──────── GIVEN INFORMATION
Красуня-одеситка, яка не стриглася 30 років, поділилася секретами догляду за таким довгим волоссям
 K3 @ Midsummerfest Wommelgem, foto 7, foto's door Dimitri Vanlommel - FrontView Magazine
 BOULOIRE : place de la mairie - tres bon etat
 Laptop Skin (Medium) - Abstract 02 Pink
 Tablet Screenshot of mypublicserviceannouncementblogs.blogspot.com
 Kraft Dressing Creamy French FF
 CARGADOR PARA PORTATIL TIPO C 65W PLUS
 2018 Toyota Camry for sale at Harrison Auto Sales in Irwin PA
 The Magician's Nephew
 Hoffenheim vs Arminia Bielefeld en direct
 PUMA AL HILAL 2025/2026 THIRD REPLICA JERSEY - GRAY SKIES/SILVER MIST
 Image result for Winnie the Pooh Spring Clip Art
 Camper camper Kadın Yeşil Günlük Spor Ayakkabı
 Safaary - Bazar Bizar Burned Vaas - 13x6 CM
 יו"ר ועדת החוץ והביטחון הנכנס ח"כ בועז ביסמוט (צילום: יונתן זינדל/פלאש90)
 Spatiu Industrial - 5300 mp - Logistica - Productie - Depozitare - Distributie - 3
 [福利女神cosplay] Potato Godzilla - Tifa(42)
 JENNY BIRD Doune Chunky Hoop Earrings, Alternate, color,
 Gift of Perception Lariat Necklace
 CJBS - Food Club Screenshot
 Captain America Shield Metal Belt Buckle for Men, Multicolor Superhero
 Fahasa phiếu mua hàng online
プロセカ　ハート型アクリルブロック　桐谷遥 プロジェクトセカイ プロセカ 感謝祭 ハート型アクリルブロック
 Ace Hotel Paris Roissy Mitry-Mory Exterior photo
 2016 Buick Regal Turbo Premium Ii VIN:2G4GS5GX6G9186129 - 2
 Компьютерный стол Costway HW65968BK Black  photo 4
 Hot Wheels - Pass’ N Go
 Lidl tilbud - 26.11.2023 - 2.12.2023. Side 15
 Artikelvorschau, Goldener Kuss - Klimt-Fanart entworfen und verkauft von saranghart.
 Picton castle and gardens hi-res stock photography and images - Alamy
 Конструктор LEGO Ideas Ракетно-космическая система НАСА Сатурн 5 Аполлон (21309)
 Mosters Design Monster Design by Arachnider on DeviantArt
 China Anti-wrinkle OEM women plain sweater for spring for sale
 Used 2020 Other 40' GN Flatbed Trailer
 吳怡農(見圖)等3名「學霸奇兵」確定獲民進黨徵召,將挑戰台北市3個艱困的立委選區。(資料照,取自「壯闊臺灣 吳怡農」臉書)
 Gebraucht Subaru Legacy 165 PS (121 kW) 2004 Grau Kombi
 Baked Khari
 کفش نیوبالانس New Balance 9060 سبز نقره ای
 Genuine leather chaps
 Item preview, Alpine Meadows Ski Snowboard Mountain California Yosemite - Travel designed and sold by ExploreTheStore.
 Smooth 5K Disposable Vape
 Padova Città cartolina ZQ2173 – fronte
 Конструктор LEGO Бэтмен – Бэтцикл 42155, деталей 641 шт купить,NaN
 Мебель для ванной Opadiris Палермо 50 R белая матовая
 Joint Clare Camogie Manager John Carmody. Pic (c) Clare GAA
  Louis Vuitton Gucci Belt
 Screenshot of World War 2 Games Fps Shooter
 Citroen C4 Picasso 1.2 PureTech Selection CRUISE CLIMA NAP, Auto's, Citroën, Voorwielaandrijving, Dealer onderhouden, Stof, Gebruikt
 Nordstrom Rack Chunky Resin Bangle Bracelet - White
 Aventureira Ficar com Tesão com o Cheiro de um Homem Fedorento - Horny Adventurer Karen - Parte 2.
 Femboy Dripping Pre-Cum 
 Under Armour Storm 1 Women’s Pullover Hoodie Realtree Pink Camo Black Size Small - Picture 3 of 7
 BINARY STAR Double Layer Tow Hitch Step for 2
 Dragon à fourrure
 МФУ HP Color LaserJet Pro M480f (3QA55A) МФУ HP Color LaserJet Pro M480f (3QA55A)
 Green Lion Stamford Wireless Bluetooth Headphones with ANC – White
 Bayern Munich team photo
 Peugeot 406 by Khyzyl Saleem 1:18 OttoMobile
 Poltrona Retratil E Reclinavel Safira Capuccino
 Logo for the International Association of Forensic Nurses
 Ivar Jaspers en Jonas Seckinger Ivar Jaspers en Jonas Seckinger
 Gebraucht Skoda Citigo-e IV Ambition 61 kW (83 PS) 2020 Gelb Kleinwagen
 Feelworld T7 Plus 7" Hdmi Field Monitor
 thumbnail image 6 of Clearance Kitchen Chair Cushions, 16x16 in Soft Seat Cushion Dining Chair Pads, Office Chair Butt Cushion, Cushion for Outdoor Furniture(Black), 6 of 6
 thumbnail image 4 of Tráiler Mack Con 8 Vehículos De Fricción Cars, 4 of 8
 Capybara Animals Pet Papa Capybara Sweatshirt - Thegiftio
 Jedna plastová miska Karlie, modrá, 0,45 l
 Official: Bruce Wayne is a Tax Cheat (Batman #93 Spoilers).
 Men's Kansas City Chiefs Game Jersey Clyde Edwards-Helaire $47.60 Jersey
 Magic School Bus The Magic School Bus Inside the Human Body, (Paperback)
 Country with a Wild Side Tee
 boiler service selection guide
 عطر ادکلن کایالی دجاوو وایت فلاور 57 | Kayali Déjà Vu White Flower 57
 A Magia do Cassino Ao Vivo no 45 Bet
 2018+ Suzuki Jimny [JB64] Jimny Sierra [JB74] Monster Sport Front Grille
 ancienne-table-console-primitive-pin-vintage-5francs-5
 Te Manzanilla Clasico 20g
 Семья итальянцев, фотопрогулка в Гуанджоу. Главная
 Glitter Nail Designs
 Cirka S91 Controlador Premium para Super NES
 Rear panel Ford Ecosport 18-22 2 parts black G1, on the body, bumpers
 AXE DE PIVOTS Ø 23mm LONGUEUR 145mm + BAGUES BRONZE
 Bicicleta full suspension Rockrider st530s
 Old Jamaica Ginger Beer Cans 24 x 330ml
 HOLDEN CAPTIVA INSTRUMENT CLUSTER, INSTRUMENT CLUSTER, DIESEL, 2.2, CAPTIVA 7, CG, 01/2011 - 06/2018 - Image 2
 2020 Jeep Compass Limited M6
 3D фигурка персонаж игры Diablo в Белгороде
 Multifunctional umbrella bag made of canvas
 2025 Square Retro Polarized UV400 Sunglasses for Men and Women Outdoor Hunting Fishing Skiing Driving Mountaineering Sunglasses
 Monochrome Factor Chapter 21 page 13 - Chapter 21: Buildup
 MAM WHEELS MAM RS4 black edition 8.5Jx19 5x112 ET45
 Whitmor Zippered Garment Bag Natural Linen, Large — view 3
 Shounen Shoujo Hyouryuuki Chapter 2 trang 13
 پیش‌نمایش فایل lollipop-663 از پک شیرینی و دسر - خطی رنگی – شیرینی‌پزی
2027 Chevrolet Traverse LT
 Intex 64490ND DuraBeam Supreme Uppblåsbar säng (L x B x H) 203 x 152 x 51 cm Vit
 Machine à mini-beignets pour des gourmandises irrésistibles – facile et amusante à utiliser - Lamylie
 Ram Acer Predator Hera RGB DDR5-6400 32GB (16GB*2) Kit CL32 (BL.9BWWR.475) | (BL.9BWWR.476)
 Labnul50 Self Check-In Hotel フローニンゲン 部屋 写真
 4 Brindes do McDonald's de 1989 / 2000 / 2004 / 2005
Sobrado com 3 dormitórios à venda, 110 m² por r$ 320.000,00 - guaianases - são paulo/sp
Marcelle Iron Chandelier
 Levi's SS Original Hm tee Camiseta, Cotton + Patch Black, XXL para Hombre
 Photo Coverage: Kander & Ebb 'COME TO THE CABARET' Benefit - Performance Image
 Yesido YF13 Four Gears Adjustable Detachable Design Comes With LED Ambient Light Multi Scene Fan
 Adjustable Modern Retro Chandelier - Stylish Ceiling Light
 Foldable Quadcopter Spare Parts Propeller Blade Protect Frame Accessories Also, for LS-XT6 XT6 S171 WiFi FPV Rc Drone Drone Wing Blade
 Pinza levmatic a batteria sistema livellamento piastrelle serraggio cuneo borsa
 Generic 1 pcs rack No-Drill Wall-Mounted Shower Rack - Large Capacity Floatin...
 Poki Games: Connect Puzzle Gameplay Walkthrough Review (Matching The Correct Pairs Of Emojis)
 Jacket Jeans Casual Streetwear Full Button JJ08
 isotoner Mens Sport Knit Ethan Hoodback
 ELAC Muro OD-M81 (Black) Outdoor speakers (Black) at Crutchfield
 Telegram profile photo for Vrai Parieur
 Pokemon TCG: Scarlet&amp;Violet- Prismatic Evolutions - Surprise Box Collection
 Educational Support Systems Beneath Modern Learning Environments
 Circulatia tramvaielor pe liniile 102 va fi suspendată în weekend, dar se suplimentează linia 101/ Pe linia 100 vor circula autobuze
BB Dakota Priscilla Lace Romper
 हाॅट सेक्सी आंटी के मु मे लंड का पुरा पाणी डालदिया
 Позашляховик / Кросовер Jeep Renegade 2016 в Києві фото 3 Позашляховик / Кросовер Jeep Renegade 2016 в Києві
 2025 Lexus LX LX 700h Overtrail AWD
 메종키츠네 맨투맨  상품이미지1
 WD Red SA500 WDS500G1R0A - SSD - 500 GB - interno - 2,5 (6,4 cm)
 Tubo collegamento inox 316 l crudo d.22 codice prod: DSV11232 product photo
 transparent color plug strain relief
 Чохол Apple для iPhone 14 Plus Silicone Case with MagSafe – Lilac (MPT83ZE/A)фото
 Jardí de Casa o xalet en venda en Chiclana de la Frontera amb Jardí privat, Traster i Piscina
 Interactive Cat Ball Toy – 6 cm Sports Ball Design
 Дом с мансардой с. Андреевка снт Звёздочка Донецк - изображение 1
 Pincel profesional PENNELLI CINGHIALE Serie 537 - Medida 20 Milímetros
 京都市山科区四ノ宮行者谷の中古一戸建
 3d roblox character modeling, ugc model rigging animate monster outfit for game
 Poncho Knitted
────────────────
▶ [EXERCISE]:
In your answer, include only the lines above starting at the line that holds "عطر ادکلن کایالی" and ending at the line that holds "Te Manzanilla Clasico 20g", copied exactly.

▶ [EXPECTED ANSWER]:
 عطر ادکلن کایالی دجاوو وایت فلاور 57 | Kayali Déjà Vu White Flower 57
 A Magia do Cassino Ao Vivo no 45 Bet
 2018+ Suzuki Jimny [JB64] Jimny Sierra [JB74] Monster Sport Front Grille
 ancienne-table-console-primitive-pin-vintage-5francs-5
 Te Manzanilla Clasico 20g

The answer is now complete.